Y tampoco me parece reducible al paradigma propio de las religiones oceánicas -centradas en la experiencia de la iluminación o kensho como núcleo místico esencial- aquello que desde mi punto de vista es el fundamento específico del cristianismo: las apariciones tangibles del resucitado a sus discípulos y amigos, apariciones cuyas circunstancias, descritas en los escritos del Nuevo Testamento, ya no son incompatibles con la ciencia. Unas apariciones centradas en el saludo profético y eficaz del resucitado: “Shalom (la Paz sea con vosotros)”.[9] Incluso en el ámbito interno de las espiritualidades oceánicas sería discutible que el satori o iluminación sea el fenómeno místico por antonomasia. En el budismo por ejemplo, el paso del Buda de la iluminación a la compasión es tan fundamental y revelador como lo fue antes su paso del ascetismo a la iluminación.
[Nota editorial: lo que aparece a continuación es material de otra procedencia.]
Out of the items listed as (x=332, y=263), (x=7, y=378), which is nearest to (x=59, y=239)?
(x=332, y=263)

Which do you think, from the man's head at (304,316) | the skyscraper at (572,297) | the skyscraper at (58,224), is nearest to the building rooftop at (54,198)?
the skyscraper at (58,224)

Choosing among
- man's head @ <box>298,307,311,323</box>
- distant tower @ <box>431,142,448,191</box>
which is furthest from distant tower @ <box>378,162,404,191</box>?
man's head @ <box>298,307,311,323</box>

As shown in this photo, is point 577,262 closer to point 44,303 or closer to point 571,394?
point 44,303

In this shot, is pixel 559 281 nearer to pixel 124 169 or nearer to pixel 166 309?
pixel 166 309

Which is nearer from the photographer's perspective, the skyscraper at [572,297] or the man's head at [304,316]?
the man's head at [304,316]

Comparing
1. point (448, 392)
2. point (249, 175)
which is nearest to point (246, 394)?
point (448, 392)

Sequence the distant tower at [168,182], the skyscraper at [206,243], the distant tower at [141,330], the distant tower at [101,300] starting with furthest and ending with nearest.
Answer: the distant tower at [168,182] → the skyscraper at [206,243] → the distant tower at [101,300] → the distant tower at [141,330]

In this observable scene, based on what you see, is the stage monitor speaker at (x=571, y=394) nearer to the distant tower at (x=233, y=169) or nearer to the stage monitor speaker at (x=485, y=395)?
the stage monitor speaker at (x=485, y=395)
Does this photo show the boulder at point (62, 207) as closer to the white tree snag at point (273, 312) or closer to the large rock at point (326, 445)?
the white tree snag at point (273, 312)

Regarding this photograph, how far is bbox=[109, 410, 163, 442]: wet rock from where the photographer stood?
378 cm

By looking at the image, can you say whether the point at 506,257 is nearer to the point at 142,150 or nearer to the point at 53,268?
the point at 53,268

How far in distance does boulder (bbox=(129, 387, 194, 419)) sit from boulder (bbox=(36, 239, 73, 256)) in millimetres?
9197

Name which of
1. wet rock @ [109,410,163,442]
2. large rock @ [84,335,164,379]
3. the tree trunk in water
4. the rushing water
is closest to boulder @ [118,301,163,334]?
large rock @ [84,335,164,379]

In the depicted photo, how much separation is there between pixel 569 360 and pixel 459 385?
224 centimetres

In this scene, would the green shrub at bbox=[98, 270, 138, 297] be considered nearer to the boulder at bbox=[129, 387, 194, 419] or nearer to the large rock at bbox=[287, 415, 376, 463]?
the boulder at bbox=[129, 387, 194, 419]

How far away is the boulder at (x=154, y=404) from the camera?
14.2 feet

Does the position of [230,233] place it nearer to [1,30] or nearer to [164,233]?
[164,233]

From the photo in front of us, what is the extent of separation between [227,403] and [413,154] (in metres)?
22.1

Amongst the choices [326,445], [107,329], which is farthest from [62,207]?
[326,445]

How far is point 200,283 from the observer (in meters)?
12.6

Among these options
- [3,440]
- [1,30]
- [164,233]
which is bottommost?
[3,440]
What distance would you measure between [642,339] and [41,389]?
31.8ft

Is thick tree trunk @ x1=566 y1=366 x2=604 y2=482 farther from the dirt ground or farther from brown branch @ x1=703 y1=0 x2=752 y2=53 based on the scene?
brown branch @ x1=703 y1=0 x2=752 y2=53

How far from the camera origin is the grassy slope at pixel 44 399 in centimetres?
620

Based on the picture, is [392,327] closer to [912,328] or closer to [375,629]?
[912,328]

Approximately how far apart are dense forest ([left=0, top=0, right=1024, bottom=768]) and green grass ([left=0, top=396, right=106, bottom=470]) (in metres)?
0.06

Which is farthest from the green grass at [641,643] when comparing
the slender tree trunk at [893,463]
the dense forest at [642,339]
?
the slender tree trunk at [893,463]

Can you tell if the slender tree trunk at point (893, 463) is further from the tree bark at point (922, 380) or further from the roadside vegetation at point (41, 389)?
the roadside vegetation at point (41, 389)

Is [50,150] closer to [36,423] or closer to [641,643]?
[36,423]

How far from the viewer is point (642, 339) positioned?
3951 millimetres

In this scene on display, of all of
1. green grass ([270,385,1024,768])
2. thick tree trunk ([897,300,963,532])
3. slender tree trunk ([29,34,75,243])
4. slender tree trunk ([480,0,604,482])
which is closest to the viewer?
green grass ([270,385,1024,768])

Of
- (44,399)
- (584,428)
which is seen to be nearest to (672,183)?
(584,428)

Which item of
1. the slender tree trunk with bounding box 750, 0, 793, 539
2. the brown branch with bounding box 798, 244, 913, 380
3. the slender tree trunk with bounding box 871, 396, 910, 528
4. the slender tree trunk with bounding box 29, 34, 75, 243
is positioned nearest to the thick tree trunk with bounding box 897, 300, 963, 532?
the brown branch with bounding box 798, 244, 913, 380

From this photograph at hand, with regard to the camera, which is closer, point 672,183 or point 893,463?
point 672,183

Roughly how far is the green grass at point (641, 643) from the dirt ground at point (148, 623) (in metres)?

Es el camino del bodhisattva, aquel Buda que ha prometido no descansar en paz hasta que no sean liberados todos los seres. Aquel Buda que “vuelve” cuantas veces sean necesarias al torbellino del samsara. Algunos solo verán en él a un ser demasiado encarnado en los avatares de este mundo de injusticia social y política corrupta, sin darse cuenta de lo desafortunado que es su juicio: aquel que parece venir tras ellos, ha dado en realidad una vuelta más al circuito de la vida. Es un juicio injusto en el que todos podemos caer. Hace ya tres décadas, yo mismo, en un ciclo místico de mi vida, viajé durante tres meses por gran parte de la India junto a mi esposa Susana. Llegué a estar casi dos semanas en el asrham del gran maestro espiritual Ramana Maharshi, a los pies de la colina Arunachala, pero no fui capaz ni de visitar la tumba de mahatma Gandhi en Delhi. Hoy, en el septuagésimo primer aniversario de su asesinato le rindo un sentido homenaje con este artículo en su memoria.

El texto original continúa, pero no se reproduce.